Hertford and Stevenage was a parliamentary constituency in Hertfordshire, which returned one Member of Parliament (MP) to the House of Commons of the Parliament of the United Kingdom from February 1974 until it was abolished for the 1983 general election.

== History ==
The constituency was formed for the February 1974 general election as a result of the recommendations of the Second Periodic Review of Westminster constituencies following the rapid rise in the population of the new town of Stevenage, which had previously been part of the Hitchin constituency.

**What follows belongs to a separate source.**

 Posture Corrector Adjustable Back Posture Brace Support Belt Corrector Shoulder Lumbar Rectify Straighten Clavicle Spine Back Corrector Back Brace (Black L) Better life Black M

The former Labour MP for Hitchin, Shirley Williams, stood successfully for the seat in both 1974 elections. She held it when she was a Secretary of State in government from 1974 until 1979, Secretary of State for Prices and Consumer Protection and then Paymaster General, before being defeated at the 1979 election by Bowen Wells of the Conservative Party. Williams was later one of the "Gang of Four" rebels who founded the Social Democratic Party (SDP) in 1981.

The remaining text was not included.